Things were going well for California in 1861. It had been a state for 11 years. The crazy tumult of the Gold Rush had subsided and there were serious plans to construct a railroad connecting the Pacific Coast to the rest of the country.
Of course the country was embroiled in a Civil War, but that had little impact on the day-to-day life of ordinary Californians.
Then in November it started to rain, not enough to be worrisome. It snowed in the higher elevations and the ground froze. Then came the storm on Dec. 9, and for the next 40 or so days it rained and the snow melted.
William H. Brewer wrote letters to his brother, recording what was to be the wettest 40 days in California history. Brewer was the chief assistant to Josiah Whitney's team making a state geological survey that would take four years.
"The rains continue," he wrote on Jan. 19, 1862. "Since I last wrote the floods have been far worse than before. Sacramento and many other towns have again been overflowed, and after the waters had abated somewhat they are again up. That doomed city is in all probability again under water today."
But it wasn't only Sacramento that was underwater. The whole Central Valley had turned into a lake.

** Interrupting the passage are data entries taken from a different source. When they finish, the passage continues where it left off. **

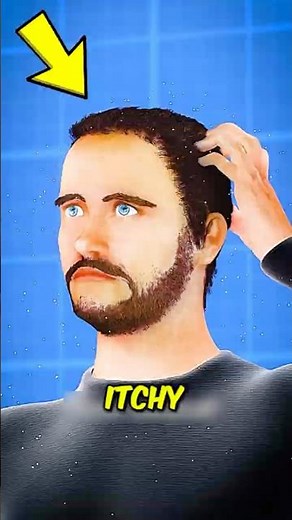 If You Ever Wonder What’s Crawling on Your Scalp, Watch This Immediately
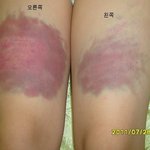 (사진有)  동생이 학원에서 매맞고 왔는데 <b>허벅지</b>가.. 신고했습니다!!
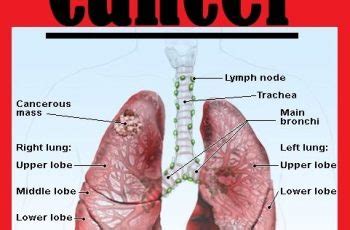 Stage iva and stage ivb. Lung Cancer With Copd Life Expectancy - Cancer News Update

Oregon, Washington, Idaho and parts of Nevada and Utah felt the fury of the storms.
"This year at Sonora, in Tuolumne County, between November 18, 1861 and January 14, 1862, seventy two inches (six feet) of water has fallen, and in numbers of places over five feet," Brewer wrote.

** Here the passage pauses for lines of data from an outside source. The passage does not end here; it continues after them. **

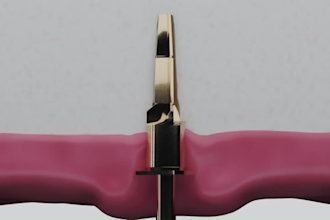 do 3d dental animation medical dental procedure animation with clinical accuracy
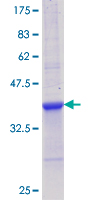 Recombinant Human IL-12 p35 protein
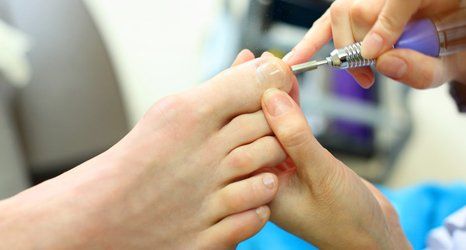 Callus and corn removal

He estimated that an area 250 to 300 miles long and some 20 miles wide covered the central part of the state.
"Thousands of farms are entirely under water -- cattle starving and drowning.
"Benevolent societies are active, boats have been sent up and thousands are fleeing to this city (San Francisco). ... You can imagine the effect it must have on the finances and prosperity of the state. The end is not yet. Many men must fail, times must be hard, state finances disordered. I shall not be surprised to see our Survey cut off entirely."

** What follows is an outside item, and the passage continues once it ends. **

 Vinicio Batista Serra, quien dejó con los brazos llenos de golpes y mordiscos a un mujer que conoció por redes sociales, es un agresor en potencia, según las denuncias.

The survey wasn't cut off, but California did go broke. The governor and the legislators weren't paid for a year and a half. The Legislature temporarily met in San Francisco while Sacramento was battling the floods.
California rivers had been filling up with the tailings of the gold mines. Additionally, the ground was frozen and then it turned warm, the snow melted and the rain kept coming.
There are no reliable numbers on how many people died. Some wrote it was in the thousands. Agricultural journals estimated that 10,000 cattle and 100,000 sheep drowned.
The Pacific Rural Press tried to put on a happy face after the storms by predicting the abundance of water would mean prosperity for the state's future crops. It was wrong. The storms were followed by a three-year drought.